La race Blanc Bleu Mixte est ancienne, et la région est son milieu naturel. Il s’agit toutefois d’une race quelque peu oubliée, voire en voie de disparition. Grâce à des croisements pointus et à une sélection génétique poussée, les éleveurs, aidés par la science, sont parvenus à développer la masse musculaire de manière impressionnante et à créer ainsi une nouvelle race: le Blanc Bleu Belge – une vraie race viandeuse au rendement singulièrement élevé. Cette viande particulièrement maigre, tendre et juteuse en raison de ses fines fibres musculaires est très prisée des consommateurs et des producteurs de viande, dans le monde entier même.
Mission « Sauvons la race Blanc Bleu Mixte »
La race d’origine – la Blanc Bleu Mixte – s’est donc retrouvée marginalisée. Il ne reste plus que 3600 bovins de cette race en Wallonie, 400 en Flandre et 600 dans le Nord de la France. On peut donc véritablement parler d’une race menacée d’extinction. Au début des années 2000, un projet « Bluesel », soutenu par l’Europe, a proposé des subventions et des programmes d’élevage spécifiques pour inverser cette tendance, ce qui a permis de replacer la race Blanc Bleu Mixte sur la carte. Mais la bataille est encore loin d’être gagnée. Jean-Marie et les derniers éleveurs de cette belle leur pouvoir pour promouvoir l’élevage, tout en contribuant à mieux faire connaître la race.

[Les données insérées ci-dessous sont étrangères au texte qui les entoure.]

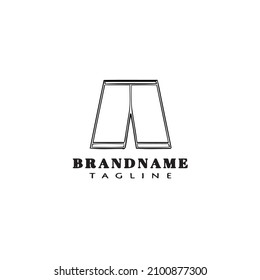undershirt and underwear logo icon design template modern vector illustration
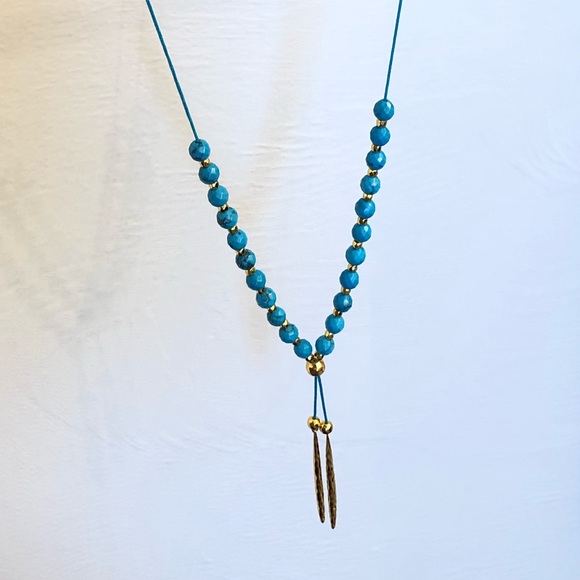 Gorjana Jewelry - Gorjana blue turquoise y necklace
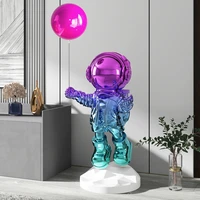 home decor large astronaut landing ornaments frp decoration in living room figurines for interior statues and sculptures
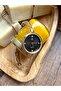 Round Vintage Gold Inside Black Women's Wristwatch - 4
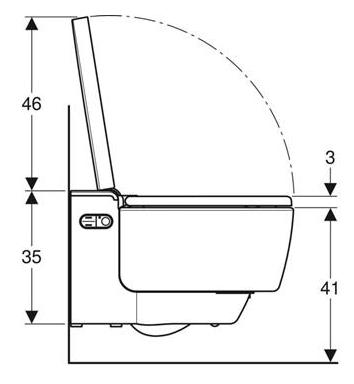 Geberit AquaClean Mera Comfort væghængt bidettoulet m/Turboflush og  KeraTect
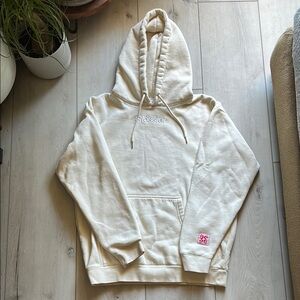Glossier Limited Edition Off-White Hoodie // Size Medium
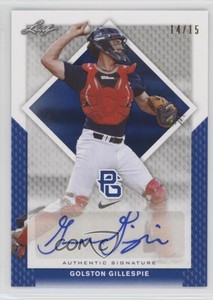 2016 Leaf Perfect Game National Showcase Blue /15 Golston Gillespie #BA-261 Auto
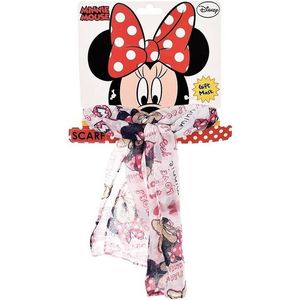 Disney minnie mouse dievčenské bielo-ružový šatku vyobraziť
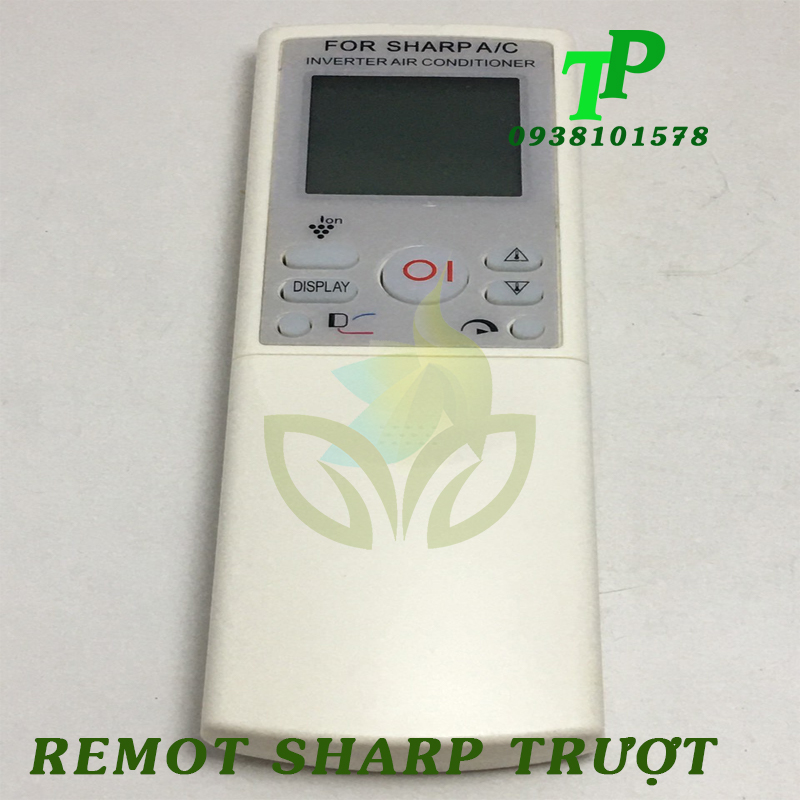 Điều Khiển, Remote Máy Lạnh Điều Hòa Sharp Trượt (Tặng Kèm Pin)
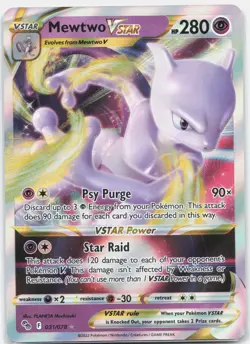 Mewtwo VSTAR Ultra Rare Pokemon GO PGO Psychic Holo 031/078 2022 LP - Image 1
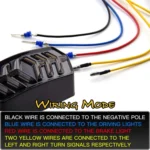 2 PCS KC670 Motorcycle Integrated Flashing Turn Signal Brake Tail Light for Honda MSX125 CBR650F CTX700 - Image 3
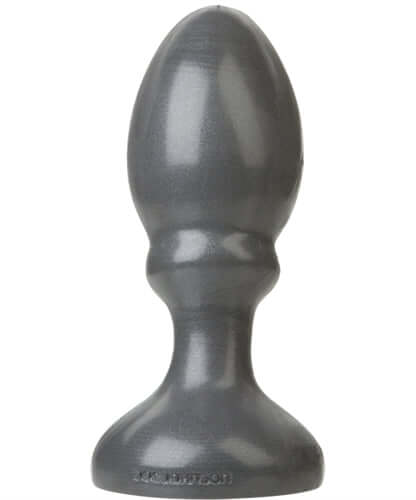 American Bombshell Plug Little Boy in gray with tapered head and flared base for safe anal play.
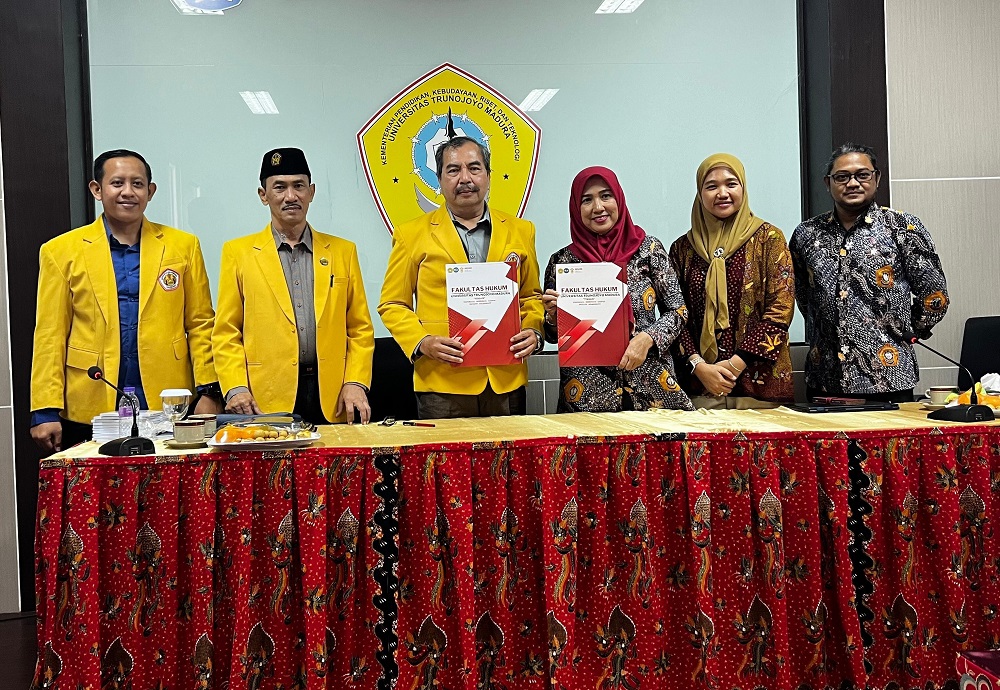 Kolaborasi Tri Dharma, FH Unigoro Resmi Jalin Kerja Sama dengan FH Universitas Trunojoyo Madura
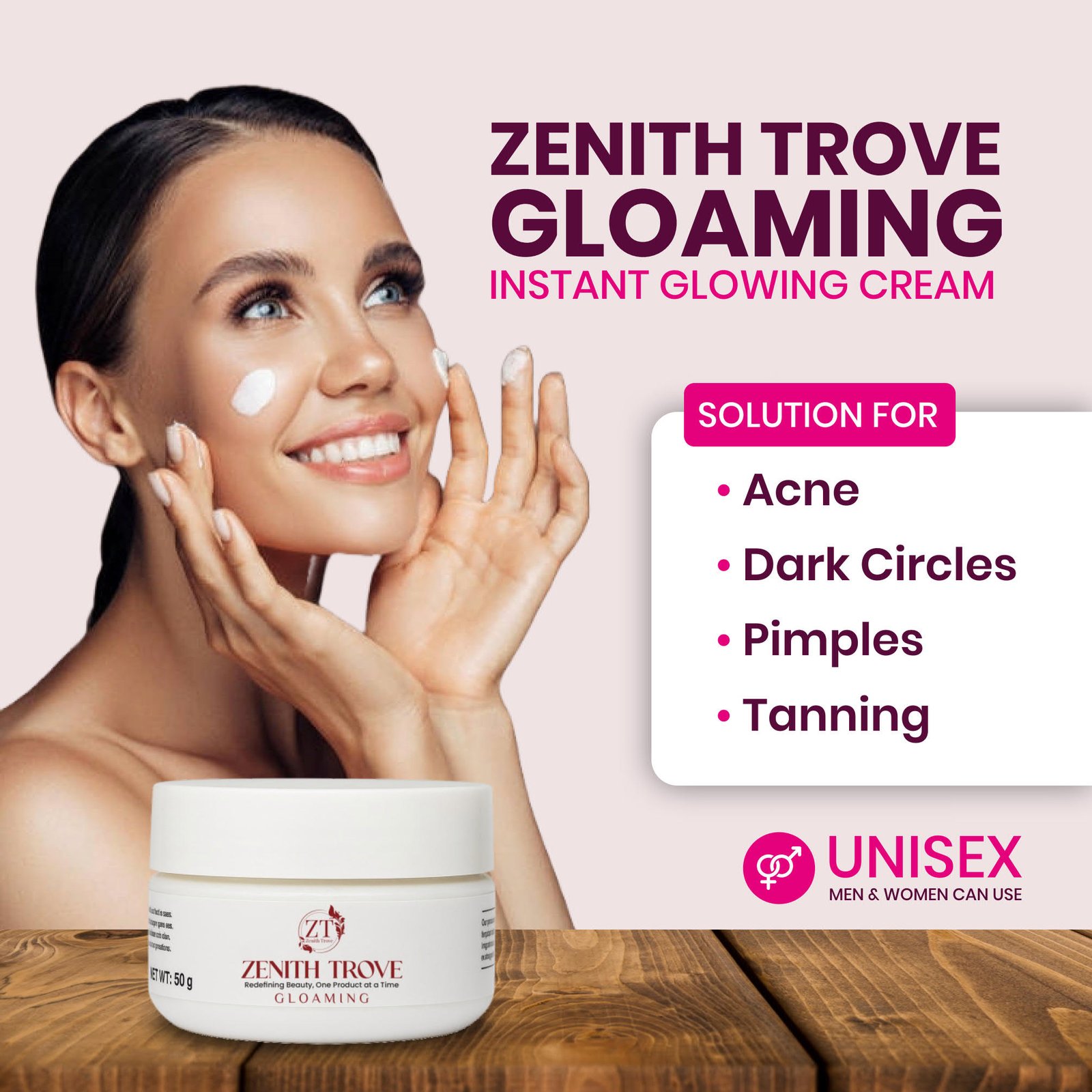 Glowing Face Whitening Cream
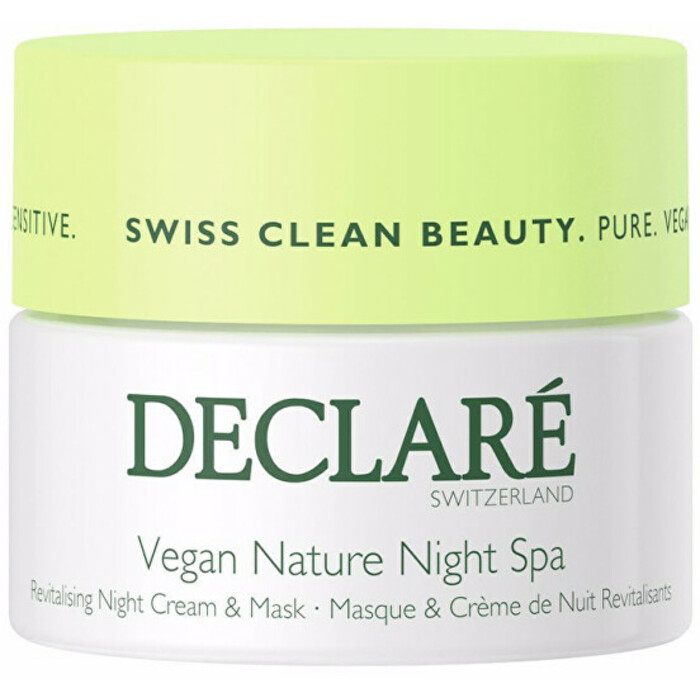 DECLARÉ Vegan Nature Night Spa Revitalising Cream & Mask 50 ml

Une race à double finalité
« C’est une race qui est particulièrement belle et authentique. On peut parler d’une race à double finalité même puisqu’elle convient à la production de lait et de viande », dit Jean-Marie. Les bovins adorent brouter dans les prairies. Au printemps, dès que le temps le permet, les vaches prennent la direction des prés, où elles peuvent profiter de l’herbe grasse. En hiver, elles sont abritées dans une grande étable ouverte. Elles se promènent, elles vont et viennent à leur guise et s’allongent sur une épaisse couche de paille. Puisqu’on parle du bien-être animal…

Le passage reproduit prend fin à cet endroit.